Navigator Resource Guide on Private Health Insurance Coverage and the Health Insurance Marketplace
"This guide ... is intended to supplement the Navigator training available from [HHS].... Section 1 covers enrollment issues for individuals, beginning with those who do not have coverage or an offer of group coverage, i.e., from an employer. Section 2 covers enrollment issues for individuals who have coverage or an offer of coverage -- whether through an employer-sponsored plan, individual plan, high-risk pool, retiree plan, or student health plan -- and want to understand their options, including eligibility for premium tax credits through the health insurance marketplace. Section 3 covers enrollment issues for small employers who want to understand and compare their coverage options for their employees." (Robert Wood Johnson Foundation)  

For Small Businesses, a Hidden Tax in Health Care?
"The fee is expected to bring in a total of $8 billion next year and as much as $14.3 billion by 2018 ... and will be spread out among insurers based on the percent of the market they cover. But the [CBO] and industry experts say the expense will largely be passed on to small businesses and consumers who buy their own policies in the form of higher premiums.... [Patrick Norris, co-owner of a manufacturing company in New Iberia, La.] says his insurance broker projects they will increase by as much as 20%. 'I could hire another 25 employees right now but I'm holding off,' Mr. Norris says." (The Wall Street Journal; subscription may be required)  

Administration Unveils Letters Insurers Must Send About Health Plans
"The letters are blunt, declaring that the insurance that is about to be renewed 'will NOT provide all of the rights and protections of the health care law.' Renewal letters sent by insurance companies will have to list all the deficiencies in the policy.... The letters must also make it clear that consumers can still voluntarily switch to a plan offered by the new federal or state insurance marketplaces." (The New York Times; subscription may be required)  

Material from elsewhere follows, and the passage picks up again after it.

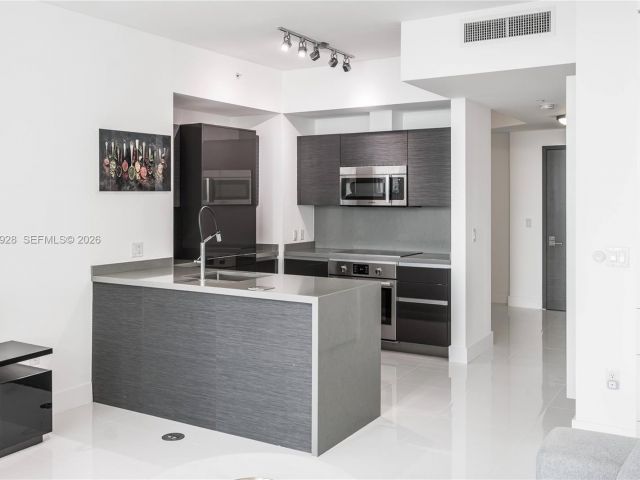 Apartment for rent  Unit #3904 - photo 7402402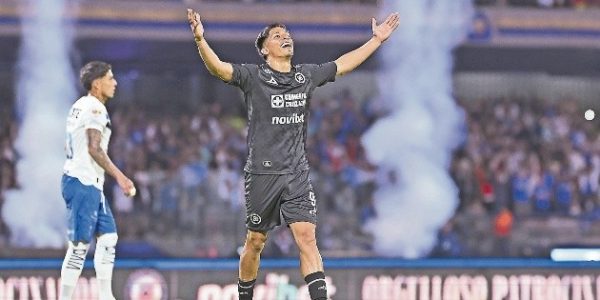La Máquina doblega a los Rayados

Fourth Circuit: No Deferential Review Despite Plan's 'Satisfactory to Us' Language
"Language in a Prudential Insurance Co. of America disability policy requiring claimants to submit proof of disability that is 'satisfactory to Prudential' didn't constitute an unambiguous grant of discretionary authority that would entitle Prudential to deferential judicial review of an adverse benefit determination ... Citing a 'gradual but unmistakable change in the precedential landscape,' the court said that it joined 'five of our sister circuits' in holding that such language 'does not unambiguously confer such discretionary authority.'" (Bloomberg BNA)  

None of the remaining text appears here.